### [Data extract]
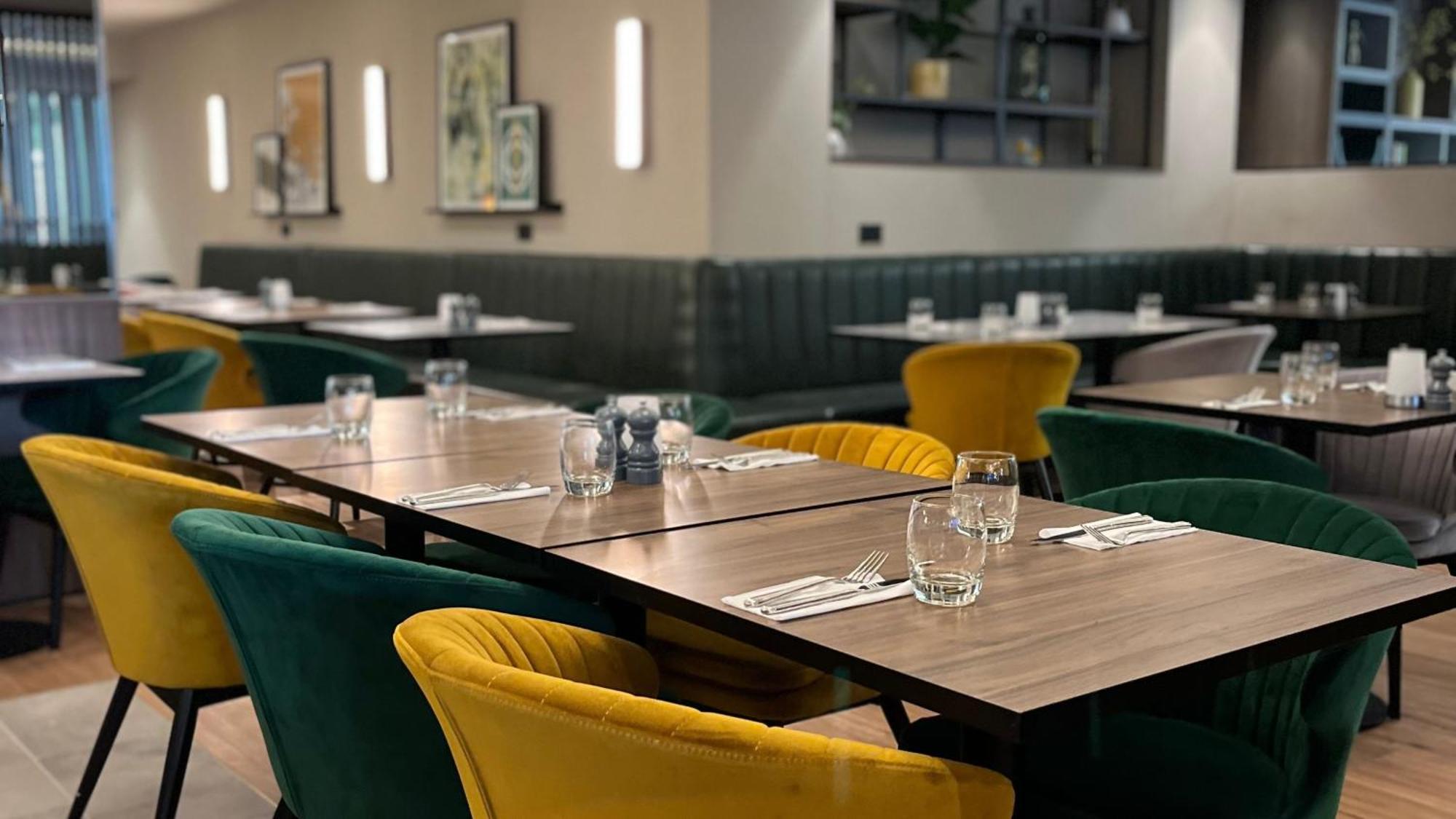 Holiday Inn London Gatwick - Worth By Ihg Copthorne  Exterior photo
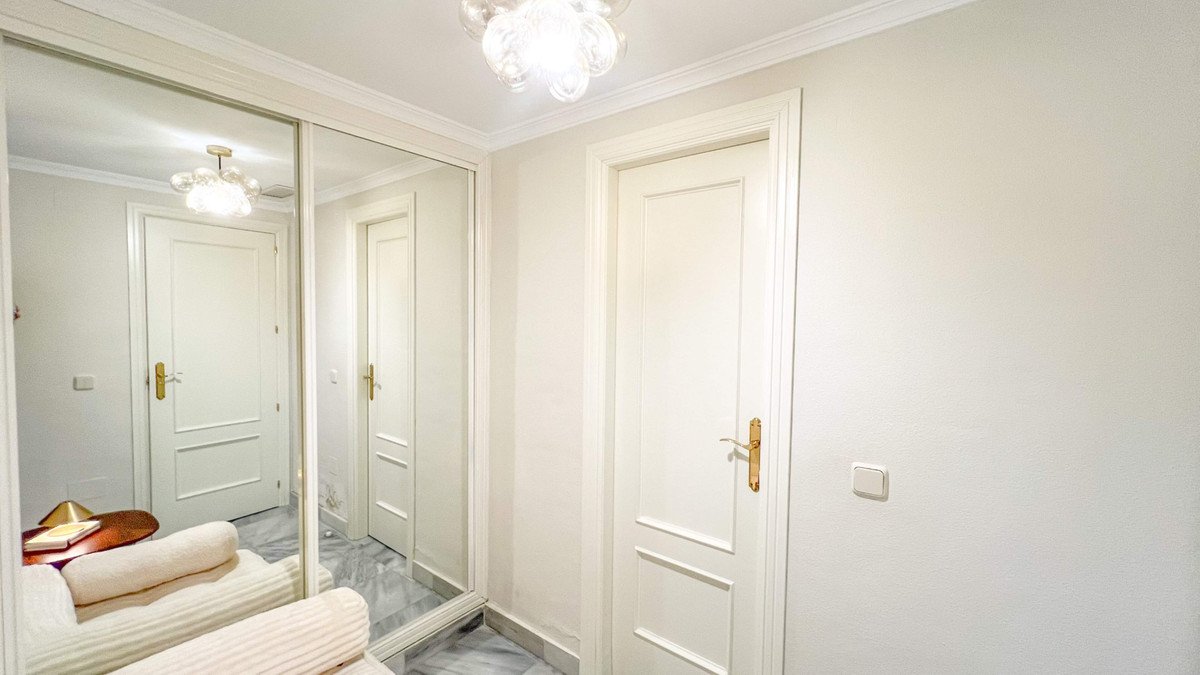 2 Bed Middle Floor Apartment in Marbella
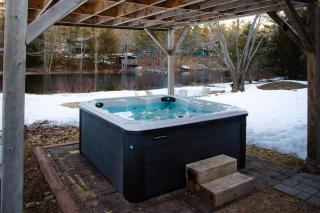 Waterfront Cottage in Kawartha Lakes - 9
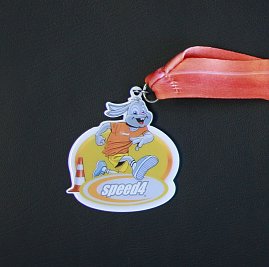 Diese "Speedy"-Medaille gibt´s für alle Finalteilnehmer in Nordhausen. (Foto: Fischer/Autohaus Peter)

### [About this exercise]
Reproduce the material exactly; omit the pictures.

### [Answer box]
 Holiday Inn London Gatwick - Worth By Ihg Copthorne  Exterior photo
 2 Bed Middle Floor Apartment in Marbella
 Waterfront Cottage in Kawartha Lakes - 9
 Diese "Speedy"-Medaille gibt´s für alle Finalteilnehmer in Nordhausen. (Foto: Fischer/Autohaus Peter)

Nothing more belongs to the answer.